Corporations must have power to police leaks internally so newspapers will remain free to publish leaks
By Peter Scheer
California Attorney General Bill Lockyer wasted no time in filing criminal charges against former Hewlett-Packard Chairwoman Patricia Dunn, H-P’s senior legal counsel and three outside security consultants for alleged crimes committed in the course of an over-zealous effort to plug leaks in the H-P boardroom. Lockyer’s haste has nothing to do with the urgency of the case and everything to do with his running for state Treasurer in next month’s elections.
Is a criminal prosecution of H-P’s top officers overkill?
In assessing HP’s investigative techniques, I start from the proposition that public corporations are allowed to have secrets and to take measures to protect them. A corporate board needn’t function as openly as a city council. Indeed, depending on the circumstances, the disclosure of corporate secrets can be a violation of federal securities laws.

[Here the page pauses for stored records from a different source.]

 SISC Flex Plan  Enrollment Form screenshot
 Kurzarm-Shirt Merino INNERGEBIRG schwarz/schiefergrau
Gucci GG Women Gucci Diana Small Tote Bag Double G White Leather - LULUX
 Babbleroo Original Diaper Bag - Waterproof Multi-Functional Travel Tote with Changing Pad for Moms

While corporations have a right to keep secrets, the press has a right to try to uncover them. There is a symmetry here that is, I believe, of constitutional dimension. The press, under the First Amendment, is generally free to publish stories containing corporate secrets (as long reporters break no laws in obtaining the information). On the other hand, corporations, because they have no recourse against the press, must have considerable latitude to prevent disaffected employees or board members from leaking.
The media’s relative freedom to publish leaks, whether from corporations or the Defense Department, is a function of corporations’ and government’s relative freedom to identify and punish leakers in their own ranks. If they were constrained in their ability to deter leaks internally, their claim to stop the press from publishing leaks would be much stronger, perhaps irresistible.

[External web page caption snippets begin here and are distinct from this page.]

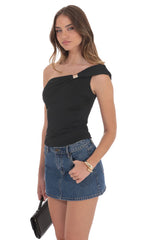 Embellished Capped One Shoulder Top in Black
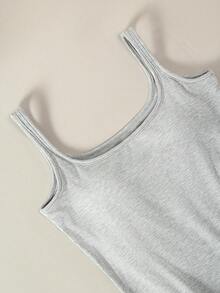 女士白色针织吊带背心，方领露背薄款吊带背心，内置胸罩，时尚简约休闲个性下装，购物居家聚会吊带上衣，运动休闲 - 淺灰色 - 查看 6
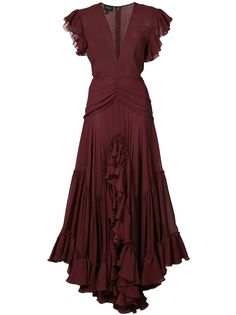 Giambattista Valli платье с V-образным вырезом и оборками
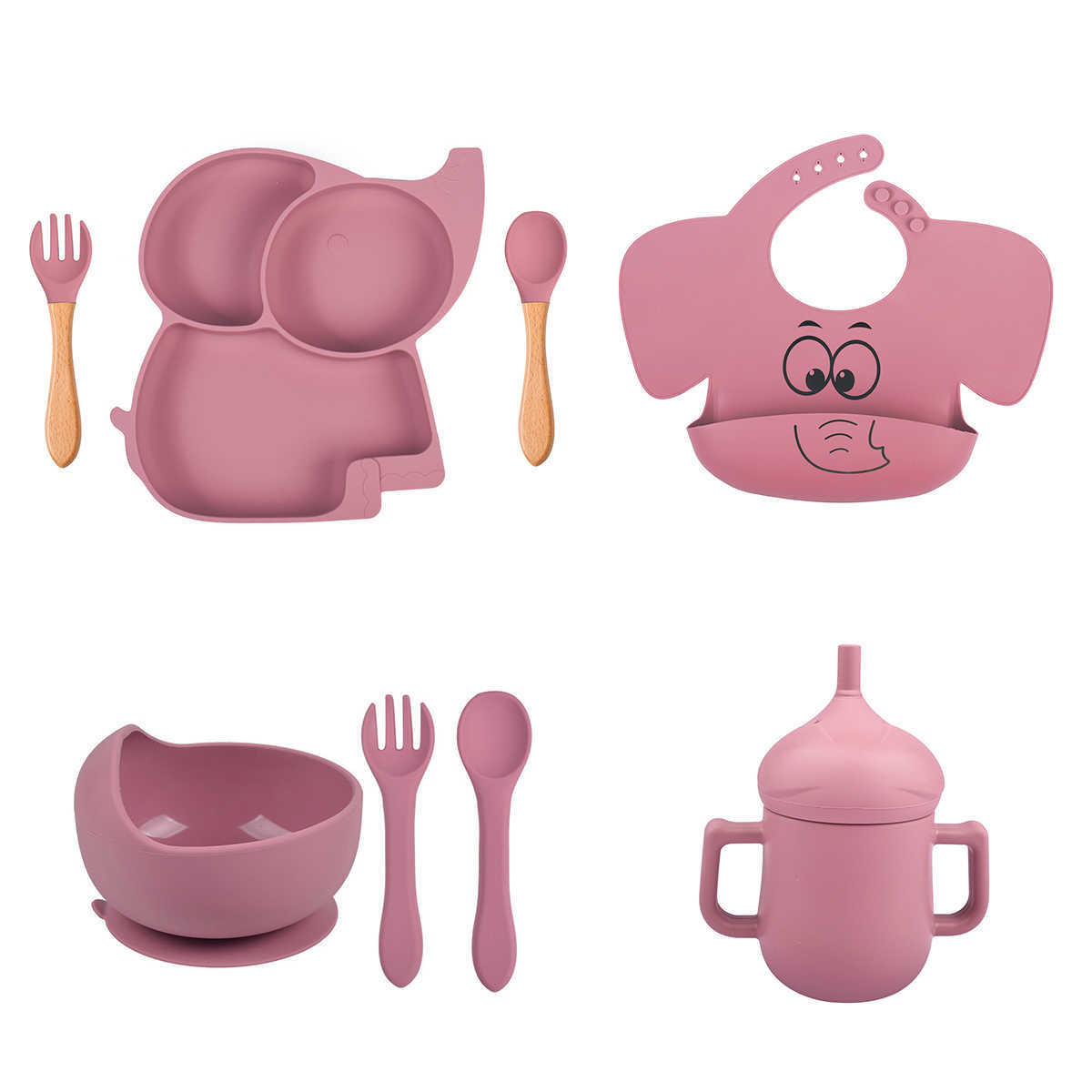 Tasses Vaisselles Ustensiles 3/7/Bébé Doux Silicone Ventouse Bol Assiette Tasse Bavoir Cuillère Fourchette Ensemble Antidérapant Dessin Animé Éléphant Enfants Nourrir Plats Couverts AA230413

Hence the San Francisco Chronicle’s argument in the BALCO case that the Justice Department should be forced—before it can demand the outing of reporters’ confidential sources—to intensify the pressure on suspected leakers to confess to leaking grand jury transcripts.
Hence also the position of bloggers who resisted subpoenas from Apple Computer demanding the name of a company insider who leaked corporate documents containing alleged trade secrets. Lawyers for the bloggers argued, correctly in my view, that Apple should first be required to force its employees to submit to polygraph tests—and only after those fail to ID the leaker could Apple subpoena the bloggers.
Corporations like H-P must have broad authority to police themselves to stop leaks, and this authority is actually a necessary byproduct of the First Amendment’s protection of the press. Viewed in this context, H-P’s investigative techniques were plainly indefensible in their targeting of reporters. However, there is nothing wrong in principle with HP’s use of corporate resources to plug leaks or the use of aggressive investigative techniques directed at H-P staff and board members.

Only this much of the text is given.